At least 11 people died and dozens more were injured as 300 vehicles slammed into each other on the A4 motorway near the wine-producing hill town of Soave at around 8am. Police and firemen used metal cutters and blow torches to reach the survivors stranded in vehicles that had jackknifed or dangled precariously from the motorway guard rails.
Several vehicles, including two lorries carrying pressurised gas, burst into flames, filling the gloomy morning air with a pale orange glow.
One truck driver called for help for nearly half an hour and eventually bled to death, according to witnesses unable to reach him because they were trapped in their own vehicles.
At the time of the accident visibility was down to no more than 20 yards, and although fog is a regular hazard in the Po valley area, many drivers - perhaps lulled by a false sense of familiarity with the stretch of road - were driving at 60 miles per hour or more.
One survivor, Alberto Filippi, said impact was so sudden that many drivers did not even have time to slam on their brakes. He survived only because he was inside a robust four-wheel drive. By his side lay the twisted remains of an Audi 80 and a Ford Escort whose three occupants all died.
Motorway pile-ups are a depressingly frequent occurrence in Italy, which otherwise suffers a relatively low death rate on its roads.
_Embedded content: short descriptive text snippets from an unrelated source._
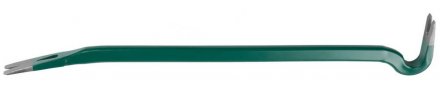 Лом-гвоздодер, 600 мм, 25х12,5 мм, кованый усиленный, KRAFTOOL 21905-60 купить в Тюмени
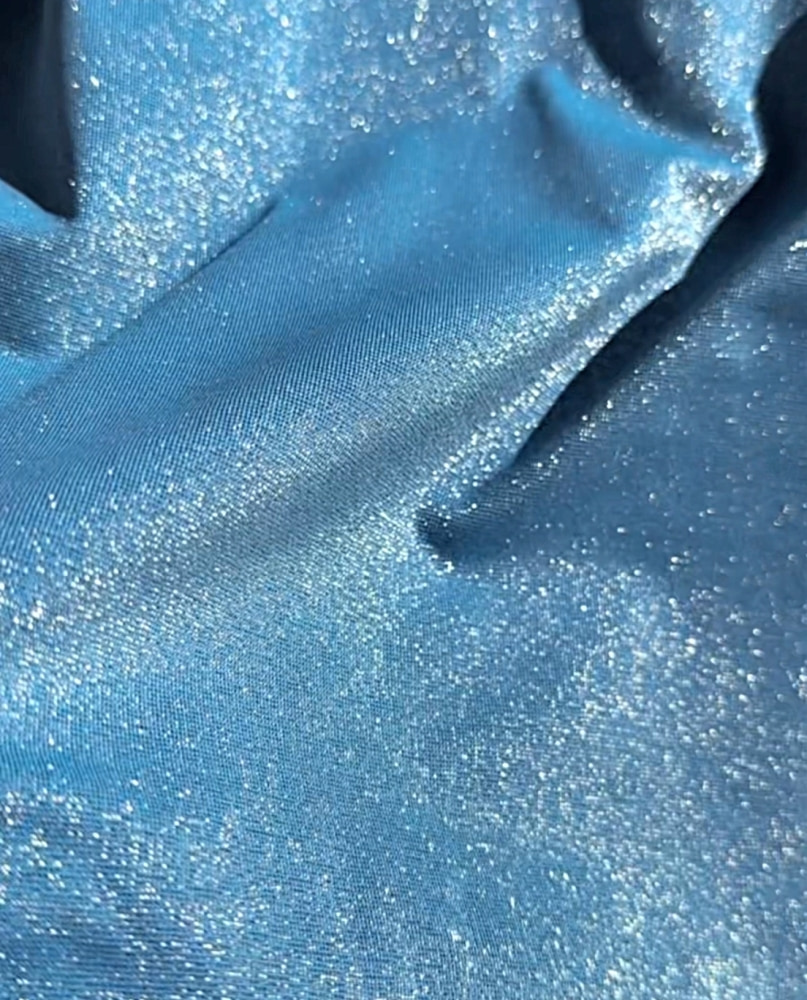 ROS Lisbon - Scrunchie Oro Mare Glitter (4)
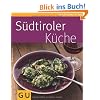 S�dtiroler K�che (GU K�chenratgeber Relaunch 2006)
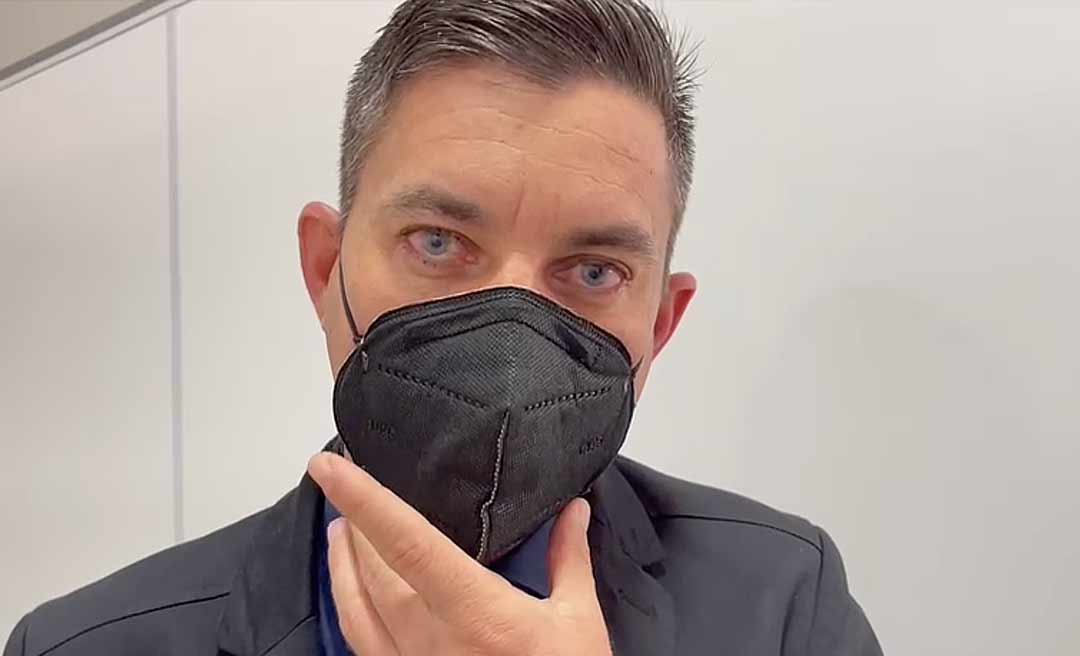 Mesmo votando para enterrar pedido de impeachment contra Bocalom, Raimundo Neném solta o verbo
In 1989, six people died on a different stretch of the same motorway, betwen Bergamo and Brescia.
"These days the A4 is a death-trap ... unable to support the particularly dense traffic flows in the Po valley because there is no other main road," said Senator Stefano Stefani, who represents Vicenza.
The worst accident on the country's motorways was also in 1989, on the A1, Italy's main motorway which runs from Milan in the North to Naples in the South, in which 13 people died.